- ASSIGNMENT
Reproduce only the lines below from the line containing "This photograph shows" to the line containing "Campus Sutra Navy", exactly as written, with both end lines kept. Omit the pictures.

- EXTRACTED DATA
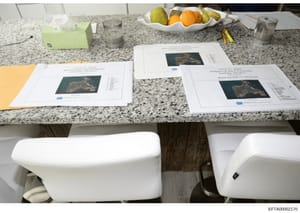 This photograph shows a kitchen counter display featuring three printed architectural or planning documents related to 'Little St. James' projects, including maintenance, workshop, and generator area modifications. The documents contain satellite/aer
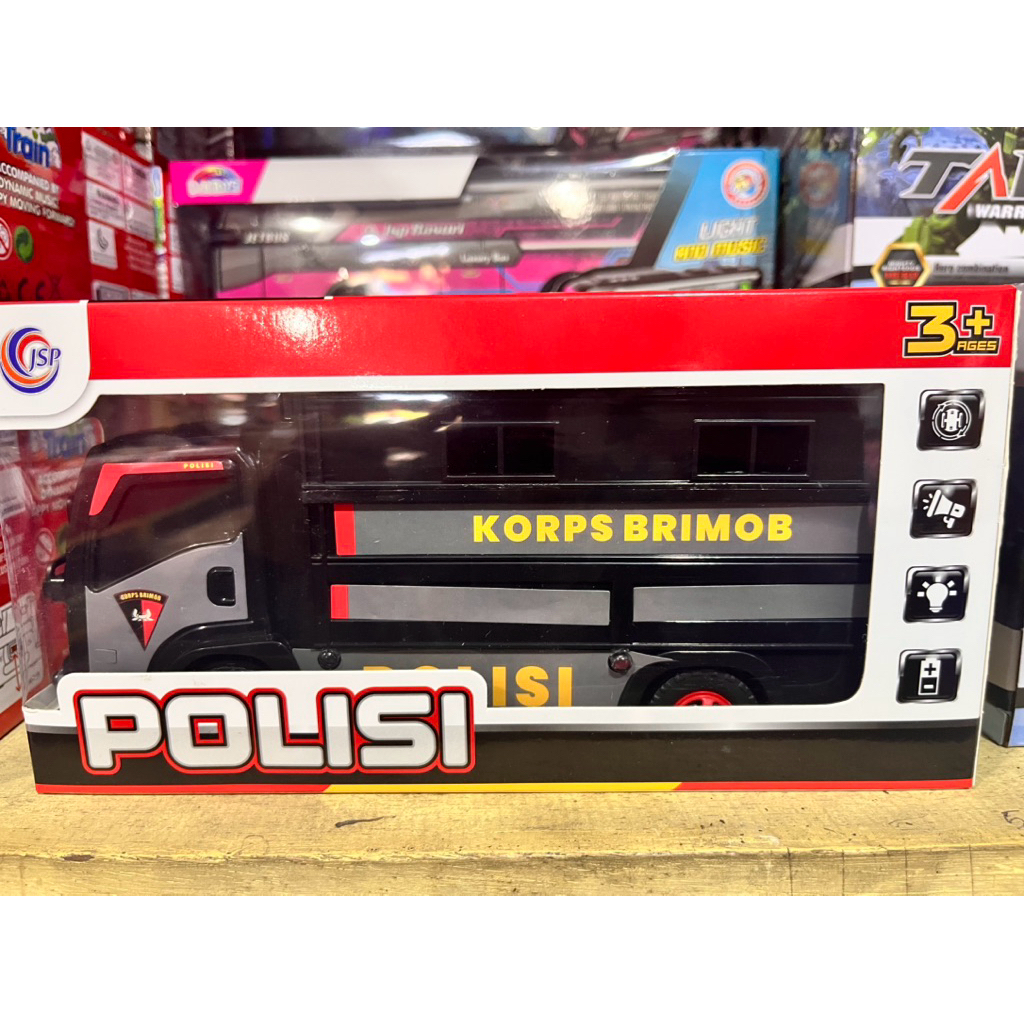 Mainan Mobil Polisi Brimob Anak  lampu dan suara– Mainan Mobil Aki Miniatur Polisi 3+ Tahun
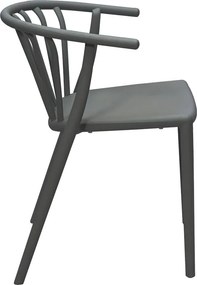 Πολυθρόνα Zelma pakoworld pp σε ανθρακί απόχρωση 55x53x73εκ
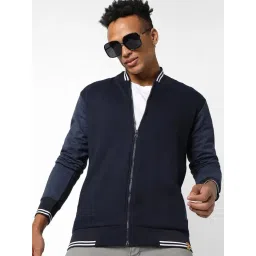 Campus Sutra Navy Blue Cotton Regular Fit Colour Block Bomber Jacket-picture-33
...
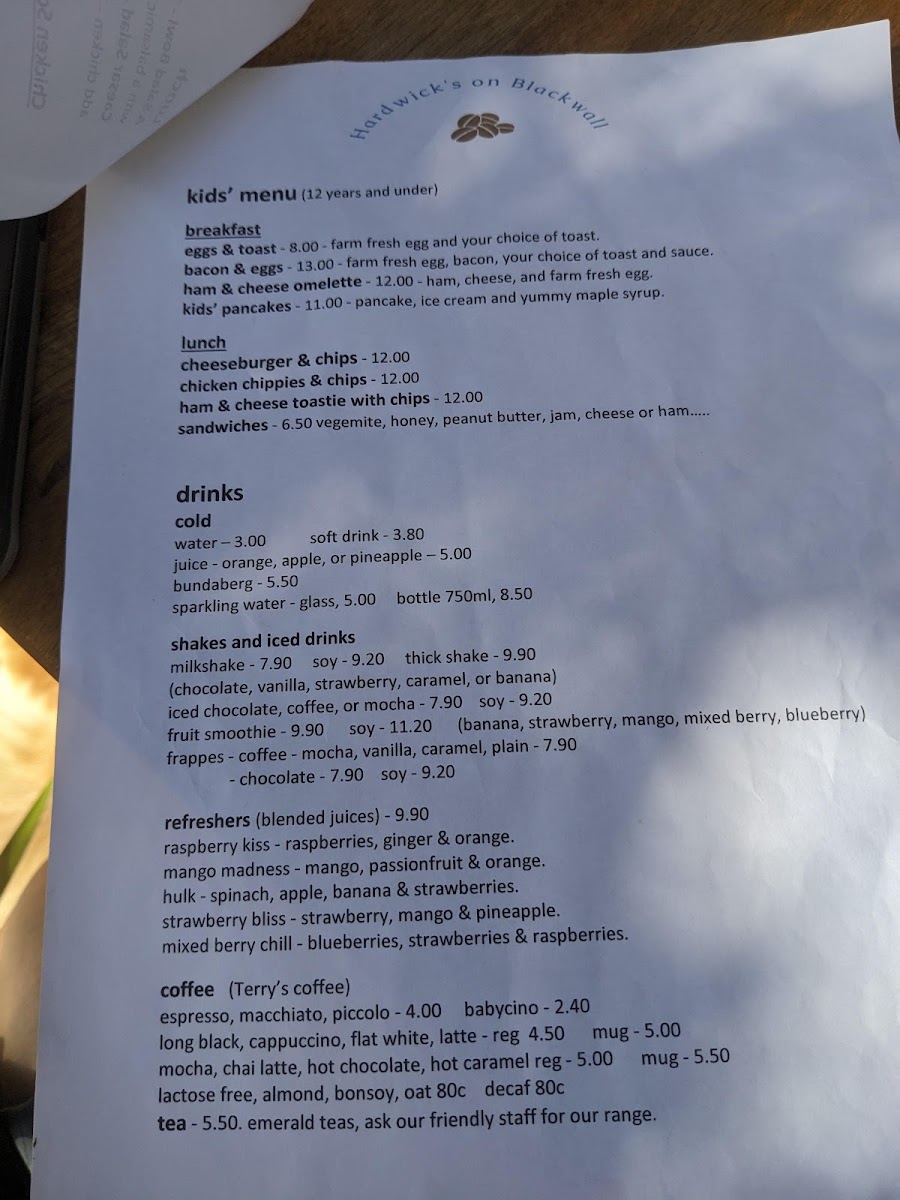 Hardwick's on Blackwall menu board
--
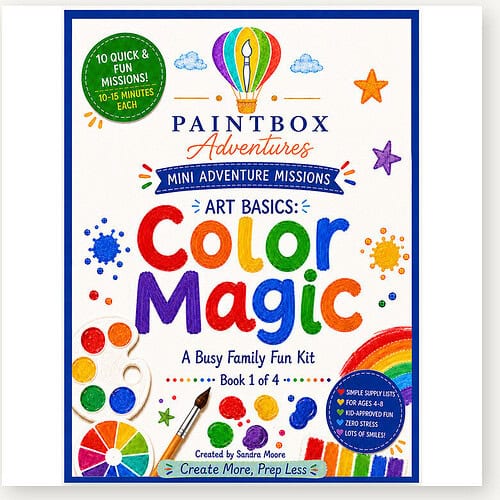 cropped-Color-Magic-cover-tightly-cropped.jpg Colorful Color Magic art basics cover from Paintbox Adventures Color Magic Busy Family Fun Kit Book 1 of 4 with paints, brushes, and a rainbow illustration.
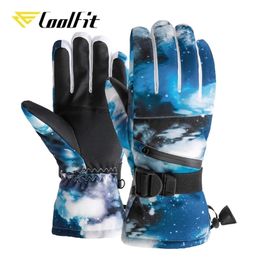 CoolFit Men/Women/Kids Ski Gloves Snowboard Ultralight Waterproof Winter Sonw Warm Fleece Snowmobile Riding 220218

- TASK OUTPUT
 This photograph shows a kitchen counter display featuring three printed architectural or planning documents related to 'Little St. James' projects, including maintenance, workshop, and generator area modifications. The documents contain satellite/aer
 Mainan Mobil Polisi Brimob Anak  lampu dan suara– Mainan Mobil Aki Miniatur Polisi 3+ Tahun
 Πολυθρόνα Zelma pakoworld pp σε ανθρακί απόχρωση 55x53x73εκ
 Campus Sutra Navy Blue Cotton Regular Fit Colour Block Bomber Jacket-picture-33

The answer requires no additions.